Has any party leader of recent times lost the public trust and gone on to win the subsequent general election? I would make two nominations: Harold Wilson in February 1974 and Tony Blair in May 2005. The Wilson victory is, admittedly, a bit of a cheat on my part. He had been out of office for something under four years and the voters made the best of what was on offer. But then, much the same was true of Mr Blair. It may even have been true, if less obviously so, before the invasion of Iraq in 2003.
If Mr Brown is seeking consolation for his own troubles, he has a long way to look. There is no reason to differ from the conventional analysis. The lineaments of death are already in place. It is largely a matter of time.
Sir John Major's administration had almost five years of more or less unhappy life, from our exit from the European Monetary System to the next election. Mr Brown's allotted span is two years nine months from the election that never was, or just under three years from his laurel-clad entry into No 10. How long ago it now sounds! And how far is there still to travel!
He will have outlasted Henry Campbell-Bannerman, Anthony Eden, Alec Home and Andrew Bonar Law, the first of whom deserves to outrank most of those who have occupied Downing Street for longer.
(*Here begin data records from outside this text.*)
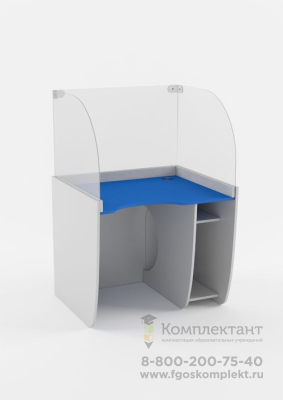 Столы Rinel Bio, комплект на 14+1 рабочих мест 🪑 в Москве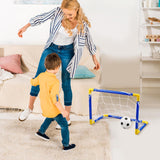 Toyvian Red de fútbol para niños porterías de fútbol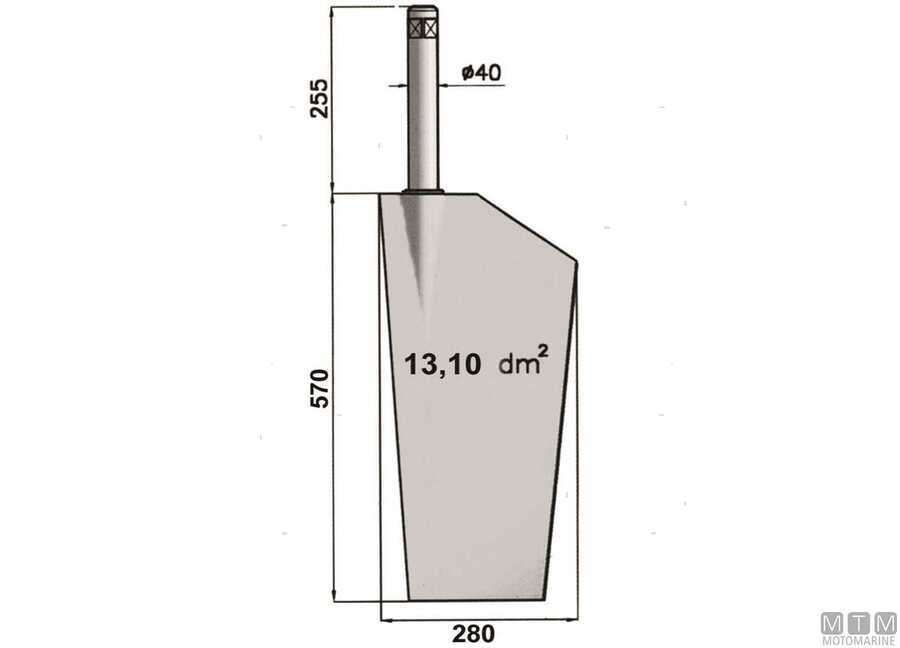 Timone Completo Tor-Marine P13 Acciaio Inox-img4700563_.jpg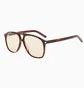 Солнцезащитные очки Saint Laurent Brown SL-596-DUNE-003-58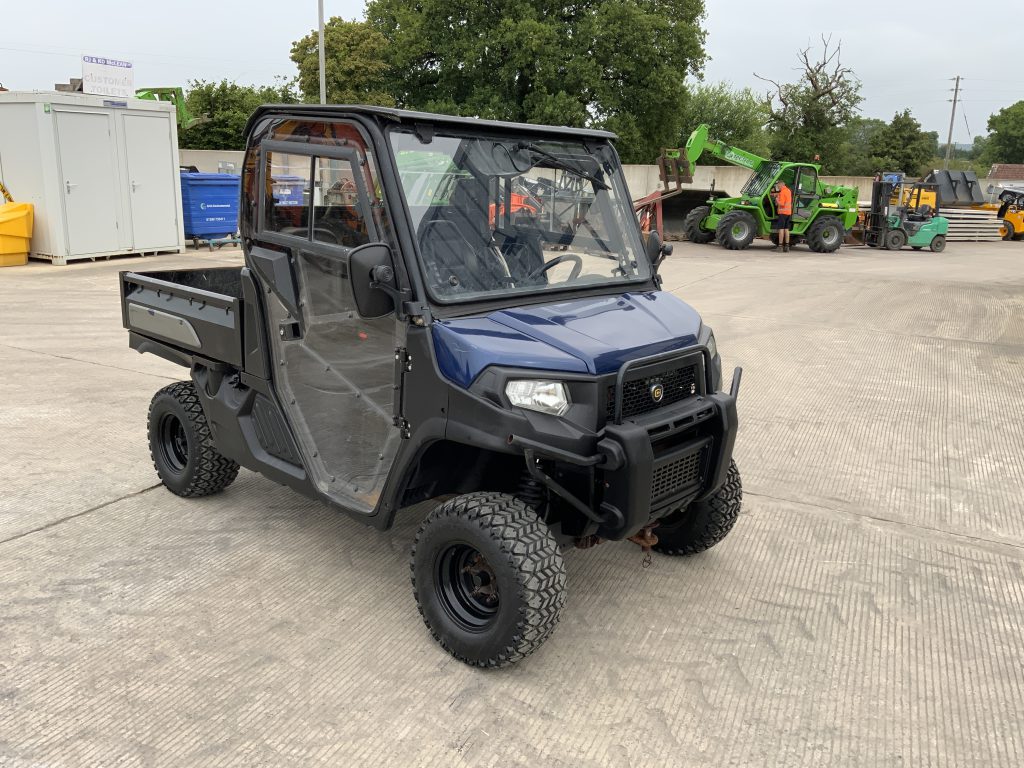 Daedong 1600 XDR-2 RTV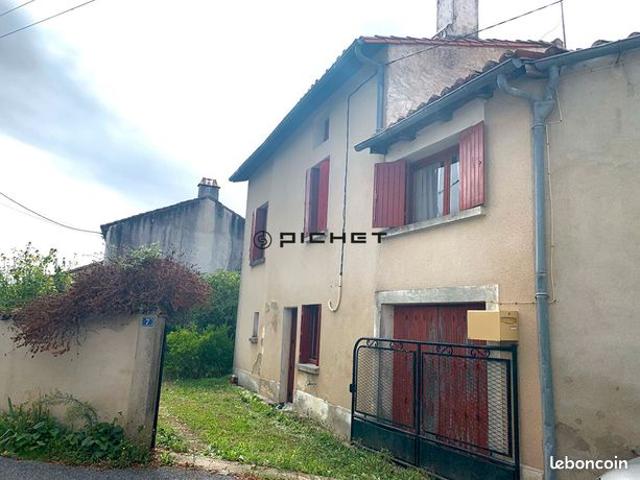 Maison 4 pièces 120 m²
I doubt, however, whether the Prime Minister who inaugurated the Liberal governments of the early years of the last century will be viewed in the same light as Mr Brown.
Campbell-Bannerman was educated at Glasgow High School. Mr Brown at Kirkcaldy High School; after that the resemblances more or less dry up. Certainly more books have been written on Mr Brown – a whole shelf-ful of them – than there ever have been on the penultimate Liberal Prime Minister. He was succeeded by H H Asquith. In turn, Asquith was succeeded by David Lloyd George as head of a coalition government. Lloyd George was never Prime Minister of a specifically Liberal government but was, rather, the prisoner of the Conservatives.
Mr Brown is nobody's prisoner, not for the moment, at any rate. He can carry on governing, after a fashion, until the beginning of June 2010.
He seems to have adopted the facetious slogan, derived from corporate America at some time in the 1950s: "My indecision is final." Mr Brown's latest piece of indecision is to postpone the introduction of identity cards beyond the next election. It is very doubtful whether Mr Brown will be in a position to introduce anything of any kind after this date.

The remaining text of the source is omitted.